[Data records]
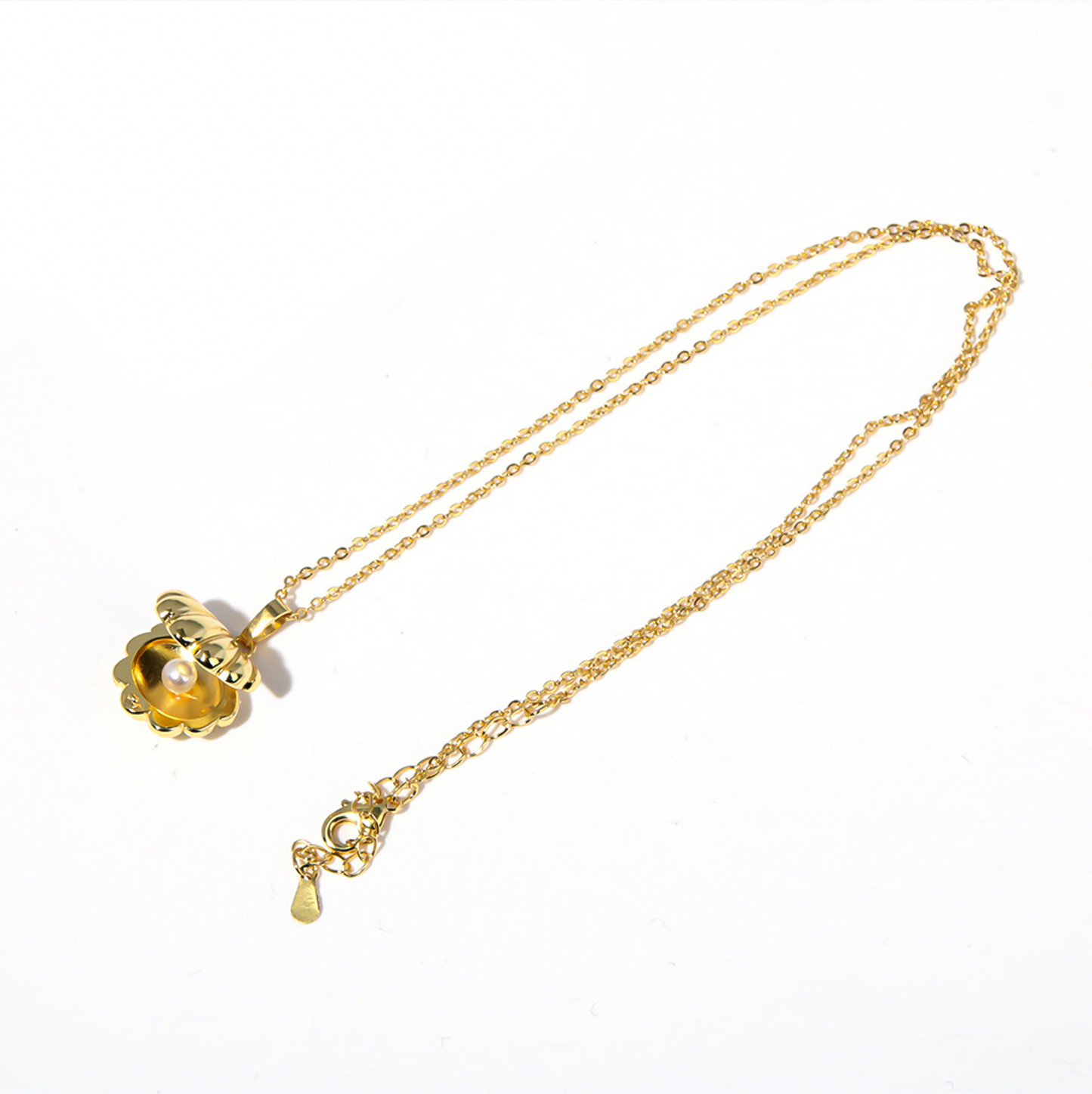 Gold Coquette Little Mermaid Ocean Shell Pearl Necklace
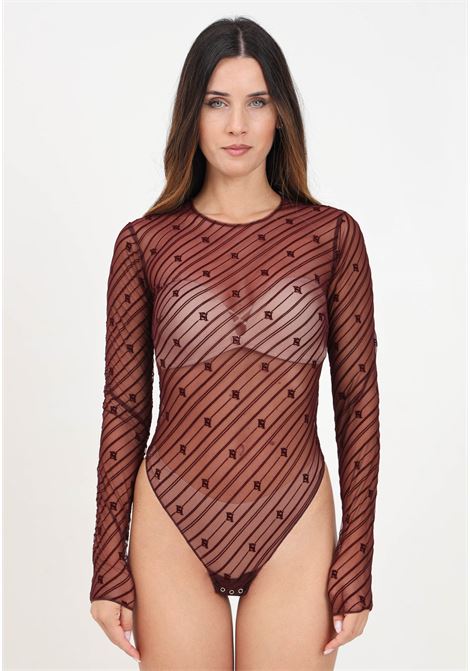 Body bordeaux da donna in tulle flock con disegno diagonale ELISABETTA FRANCHI | BO00446E2CG3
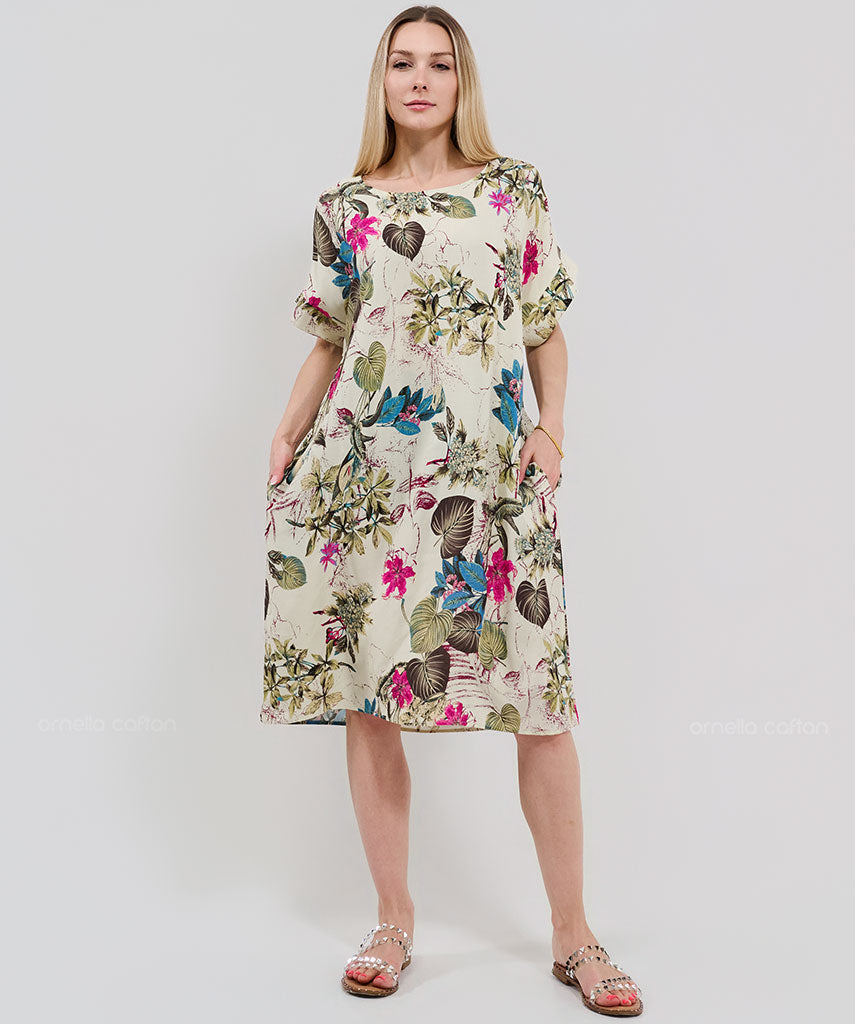 Robe Courte à Poches – Imprimé Floral Écru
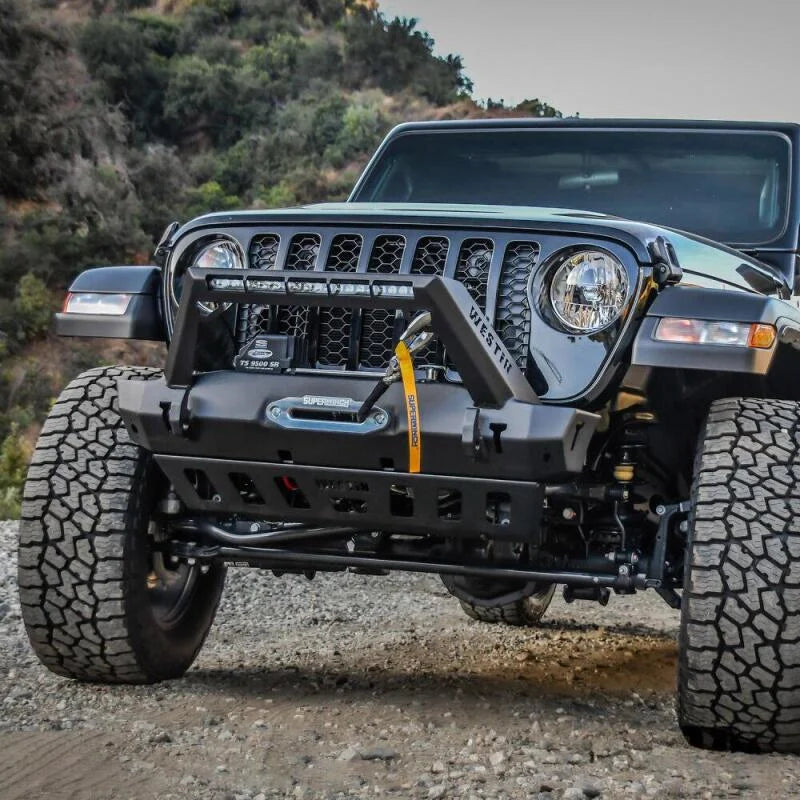 Westin 18-19 Jeep Wrangler JL Stubby Front Bumper - Textured Black - Back View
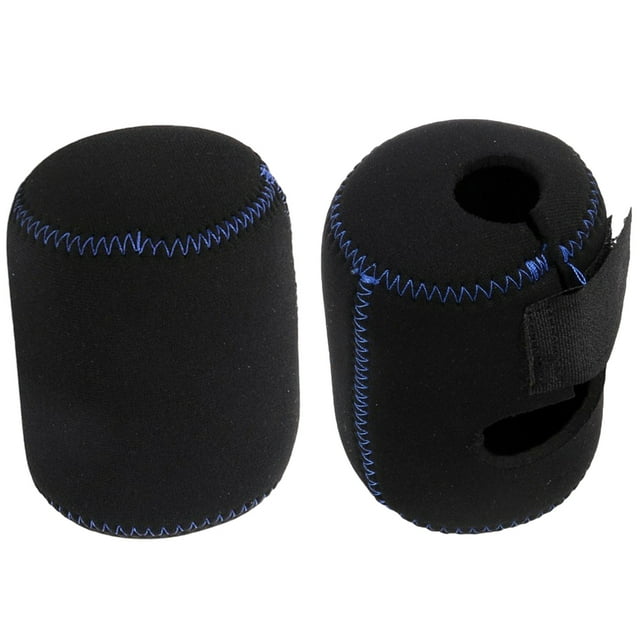 KAKOWELY Sac de Rangement 2 Pcs Multi-Fonction Moulinet de Pêche Protection Tambour Manchon Élastique Sac Équipement de Pêche - F42 Rond (Noir) 2.95"X2.24"X2.24 Pouces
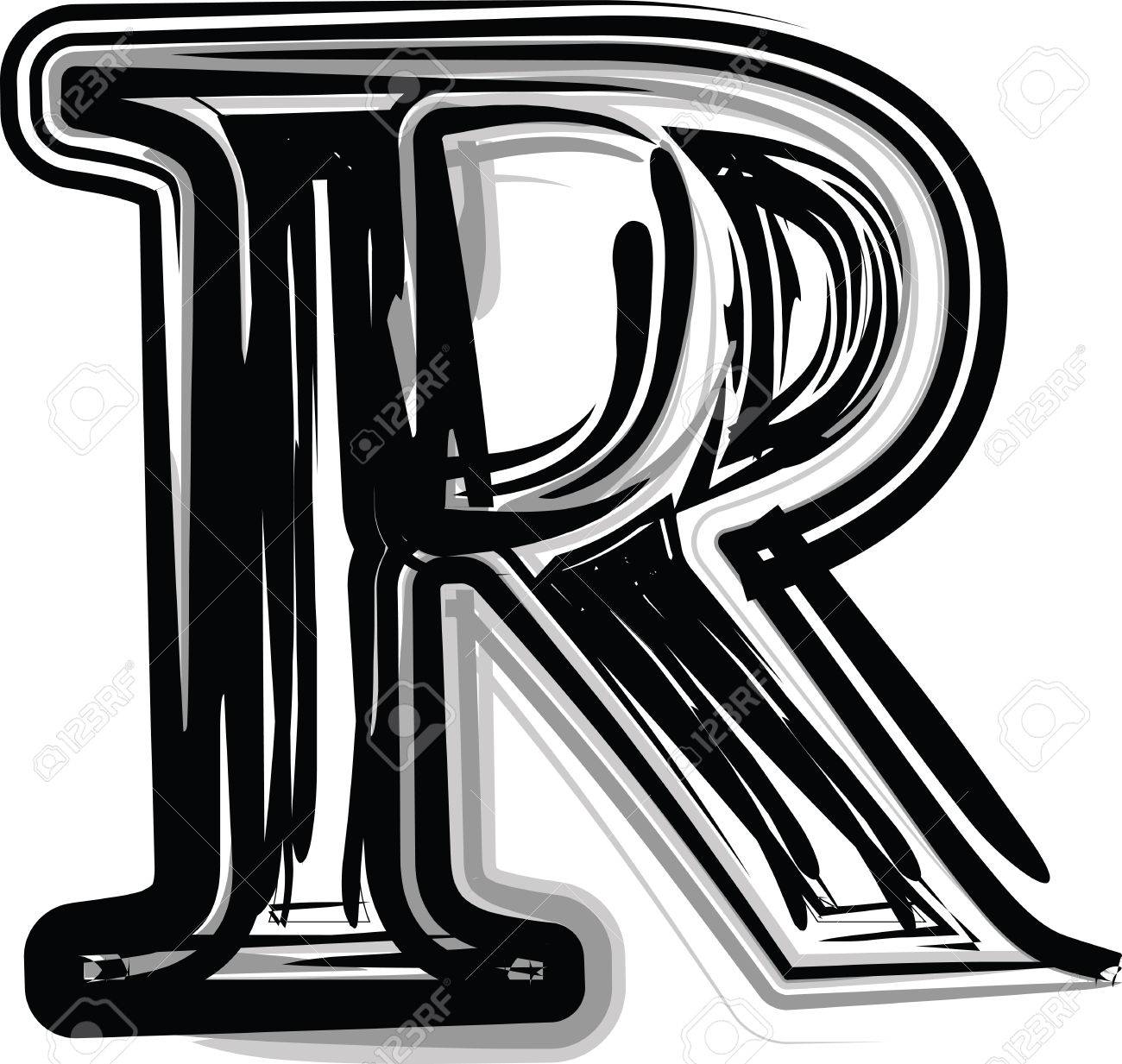 フリーハンドのタイポグラフィ文字 R のイラスト素材 ベクタ Image 14 フリーハンドのタイポグラフィ文字 R のイラスト素材 ベクタ Image 14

▸ **PROMPT**: Print all entries exactly, without images.

▸ **ANSWER BOX**:
 Gold Coquette Little Mermaid Ocean Shell Pearl Necklace
 Body bordeaux da donna in tulle flock con disegno diagonale ELISABETTA FRANCHI | BO00446E2CG3
 Robe Courte à Poches – Imprimé Floral Écru
 Westin 18-19 Jeep Wrangler JL Stubby Front Bumper - Textured Black - Back View
 KAKOWELY Sac de Rangement 2 Pcs Multi-Fonction Moulinet de Pêche Protection Tambour Manchon Élastique Sac Équipement de Pêche - F42 Rond (Noir) 2.95"X2.24"X2.24 Pouces
 フリーハンドのタイポグラフィ文字 R のイラスト素材 ベクタ Image 14 フリーハンドのタイポグラフィ文字 R のイラスト素材 ベクタ Image 14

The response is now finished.